CGI Common Gateway Interface. CGI is a standard means of server-side
processing on Web sites. It's typically used to process form input. Data
is passed from the user to the server (via a form, for example), where
it is then run through a CGI script. Such scripts can be written in a
number of different languages, Perl and C among the most common. CGI
files usually end with the ".cgi" suffix.
CSS Cascading Style Sheets. Web page design styles are defined by CSS
protocols. The "cascading" part refers to the fact that multiple style
sheets interact with a predefined order of precedence.
DHTML Dynamic Hypertext Markup Language. DHTML (or, as it is often
written, dHTML) is a loose term describing the integrated use of
several page-building technologies, including HTML 4.0, style sheets,
scripting, and object layering.
DNS Domain Name System. This vitally important system provides
distributed, redundant directories that map numeric IP addresses to
easy-to-type, easy-to-remember domain names. (For example,
184.108.40.206 is the numeric IP address for our favorite site in the
whole wide Web.)
DSL Digital Subscriber Line. This recent technology delivers high-speed,
high-bandwidth Net access over standard telephone lines. Currently, it
can cost as little as $40 a month, plus a $200 installation cost -- not
a bad idea if your dial-up connection is slowing you down.
DSSSL Document Style Semantics and Specification Language. The standard
language for processing or converting documents, DSSSL can, as an
example, be used to translate HTML into WML.

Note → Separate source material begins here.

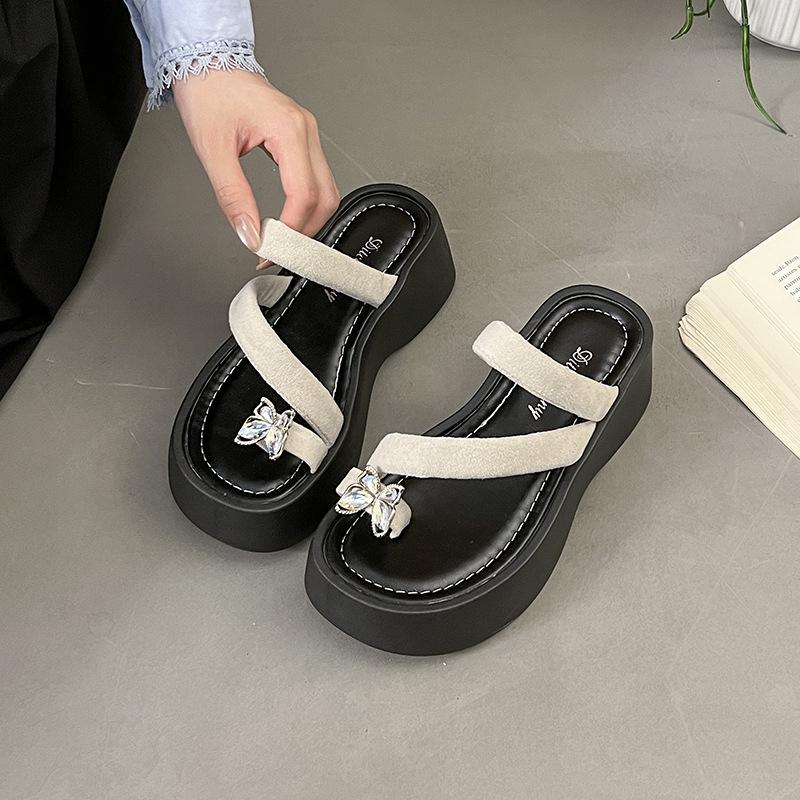 toe thick-soled cool slippers for women in the summer of 2025, new models for small people to increase their height and wear beach shoes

IIS Internet Information Server. This Microsoft software runs on
Windows NT and serves Web sites to hungry users. Its competitors include
Apache and Netscape Enterprise Server.
IMAP Internet Message Access Protocol. IMAP is one of the most popular
protocols for accessing e-mail on a remote server. It is distinguished
from POP by the fact that your e-mail is stored and sorted on a server,
rather than being saved to your local machine. The most recent version
MIME Multipurpose Internet Mail Extensions. This is a protocol in which
an e-mail header indicates the nature of the content, and which
application(s) will be needed to view, play, or otherwise interact with
it. MIME allows the easy e-mail transmission of all kinds of data.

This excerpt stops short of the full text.